═══ Data records ═══

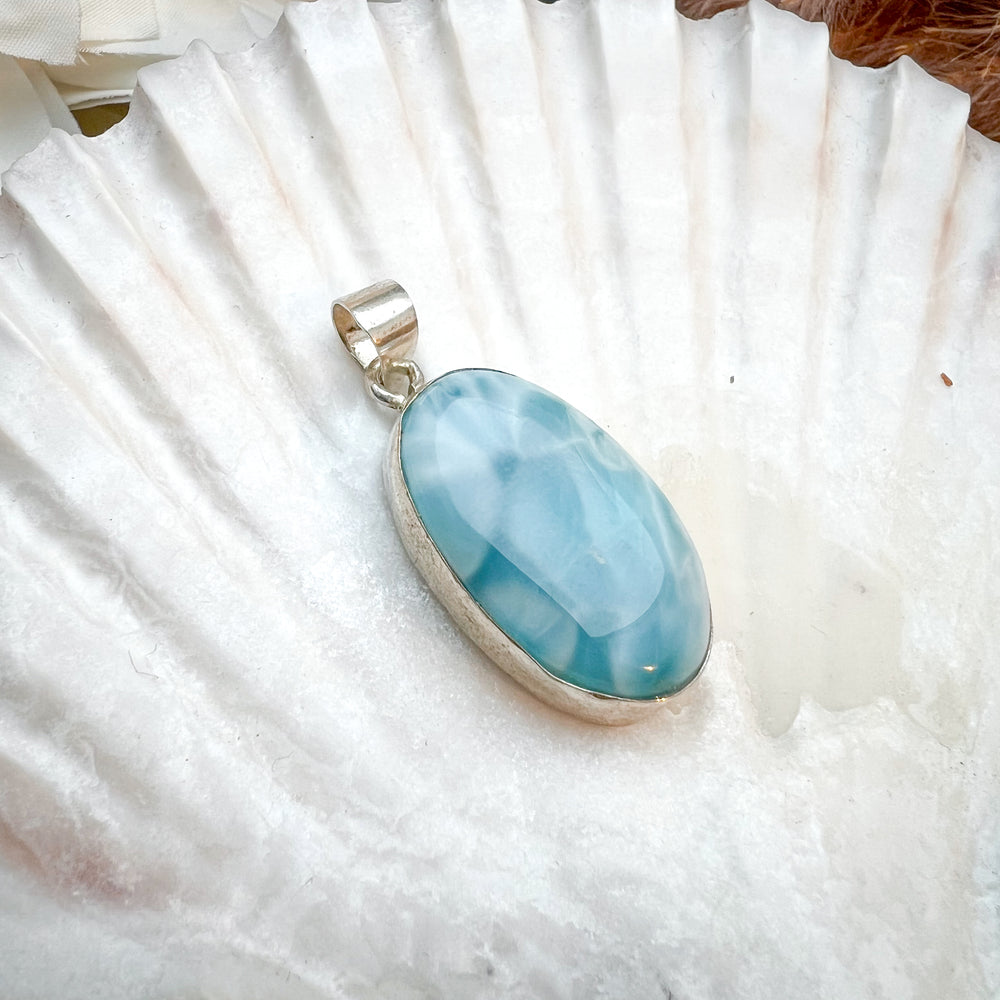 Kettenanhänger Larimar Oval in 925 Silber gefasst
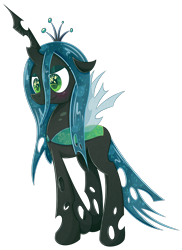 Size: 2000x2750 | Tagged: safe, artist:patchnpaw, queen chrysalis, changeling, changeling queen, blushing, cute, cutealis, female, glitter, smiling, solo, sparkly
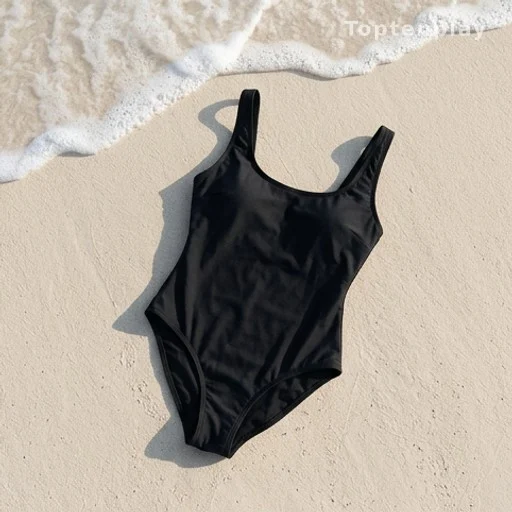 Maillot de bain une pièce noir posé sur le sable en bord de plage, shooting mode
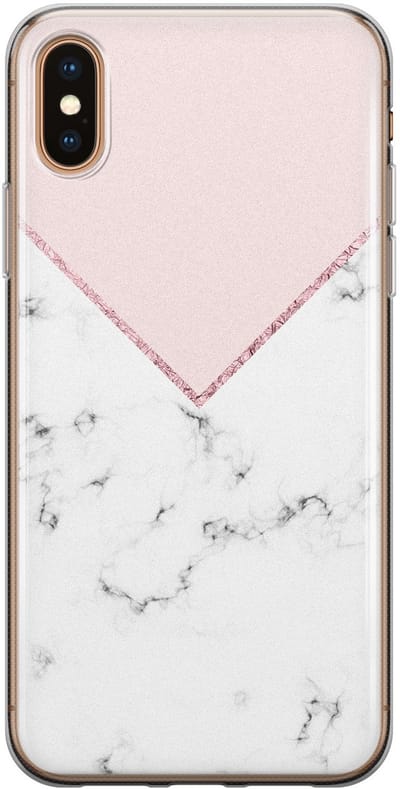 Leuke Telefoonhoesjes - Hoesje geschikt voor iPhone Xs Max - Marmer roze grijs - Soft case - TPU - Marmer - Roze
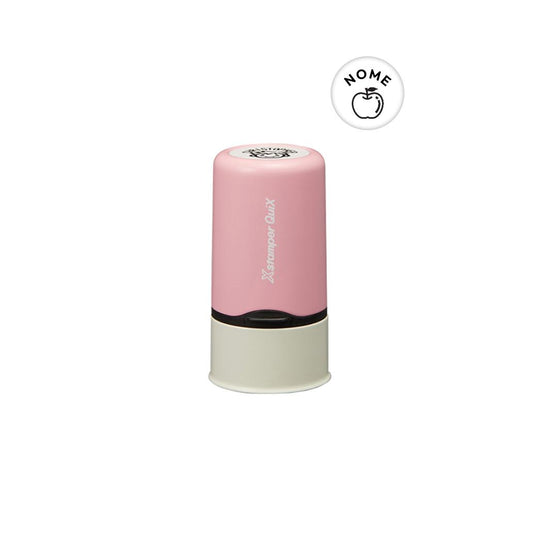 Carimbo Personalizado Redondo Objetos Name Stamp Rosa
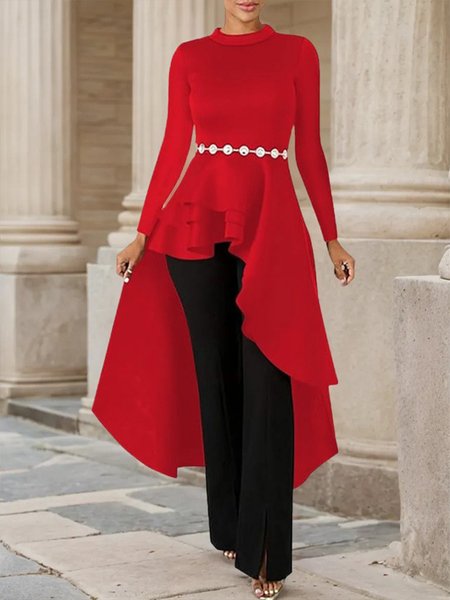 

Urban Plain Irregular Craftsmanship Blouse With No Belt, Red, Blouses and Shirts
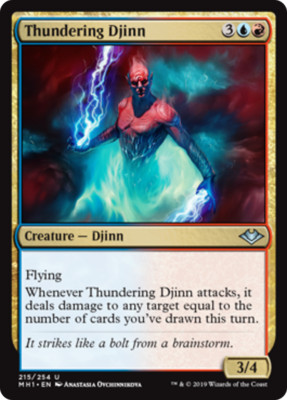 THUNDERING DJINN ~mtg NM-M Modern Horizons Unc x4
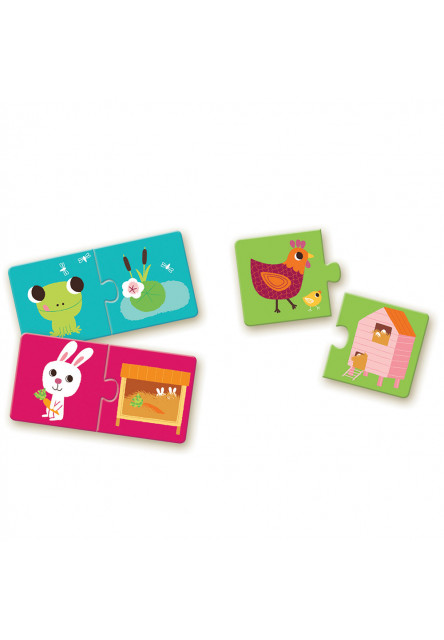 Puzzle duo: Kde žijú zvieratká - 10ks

═══

* [Required action]
Return every record exactly, minus the pictures.

* [Output for this task]
 Kettenanhänger Larimar Oval in 925 Silber gefasst
 Size: 2000x2750 | Tagged: safe, artist:patchnpaw, queen chrysalis, changeling, changeling queen, blushing, cute, cutealis, female, glitter, smiling, solo, sparkly
 Maillot de bain une pièce noir posé sur le sable en bord de plage, shooting mode
 Leuke Telefoonhoesjes - Hoesje geschikt voor iPhone Xs Max - Marmer roze grijs - Soft case - TPU - Marmer - Roze
 Carimbo Personalizado Redondo Objetos Name Stamp Rosa

Urban Plain Irregular Craftsmanship Blouse With No Belt, Red, Blouses and Shirts
 THUNDERING DJINN ~mtg NM-M Modern Horizons Unc x4
 Puzzle duo: Kde žijú zvieratká - 10ks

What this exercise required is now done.